Fred Selden's flute follows the steps of the penguins throughout their challenging journey and subtly evokes the difficulties, the joys, the dangers, and the sorrows that the penguins encounter. Alex's score stays fresh and strongly evokes what the images or the narration cannot always explain. "There are no actors or dialog, so the film rides on a marriage of Alex's music with the film images." explains Leipzig.

Salon's Stephanie Zacharek writes "there's more drama, and more heartbreak, in 'March of the Penguins' than in most movies that are actually scripted to tug at our feelings." Narrated by Morgan Freeman, this film - directed by Luc Jacquet and presented in the United States by National Geographic Feature Films and Warner Independent - tells with vivid images the dramatic and emotional story of the penguins in their quest for love, family and procreation. Luc Jacquet and his crew followed the penguins in Antarctica during their thousand year-old pilgrimage to meet their mate and preserve their species. More than a documentary, March of the Penguins enters the soul of a deserted continent where the birds with no wings must face snowstorms, hunger, loneliness and predators in order to give birth to and protect their offspring.

"The images on the screen provided all the inspiration one could want.
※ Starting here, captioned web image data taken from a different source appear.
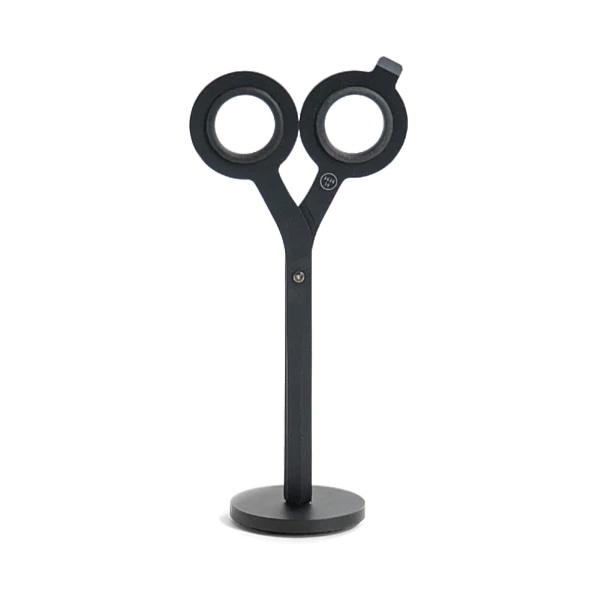 Scissors (With base)_Black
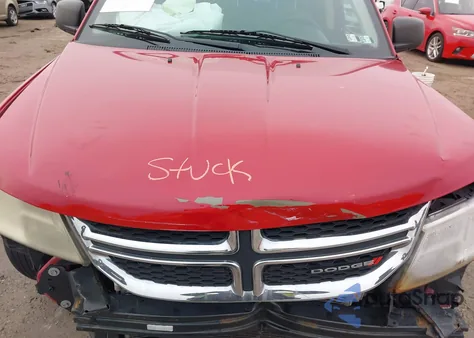 2019 Dodge Journey Se Value Package from USA, damaged, VIN 3C4PDCAB5KT864584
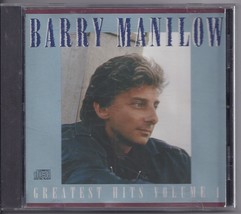 Barry Manilow: Greatest Hits, Volume 1 by Barry Manilow, Ron Dante  - £4.70 GBP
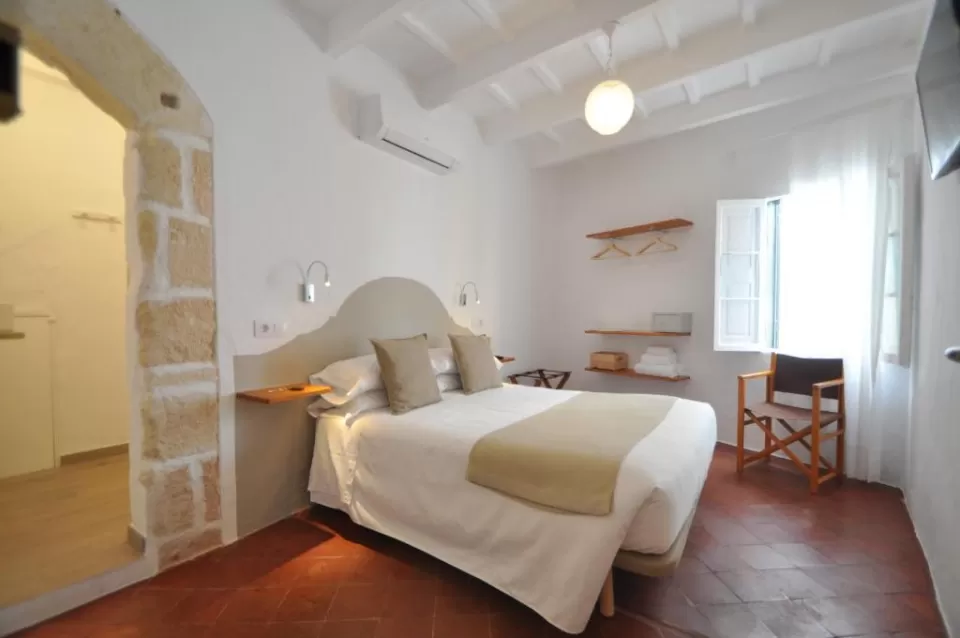Habitación doble estándar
They challenged me again and again to match their beauty and emotional range," says Wurman. "From them I learned that courage does not need to be understood, only found."

After studying music at the American Conservatory of music in Chicago, Wurman started his film career composing and arranging for Hans Zimmer, contributing to blockbusters such as Armageddon, A League of Their Own and The Lion King. Independent films started coming his way, and soon he was working with hip directors such as John August, Doug Liman and Ron Shelton, with whom he has collaborated several times. Winning the respect and admiration of directors, producers and reviewers, Wurman's resume reflects the quality and diversity of his talent, boasting films such as Confessions of a Dangerous Mind, Thirteen Conversations About One Thing, Hollywood Homicide, Anchorman and Play It to the Bone.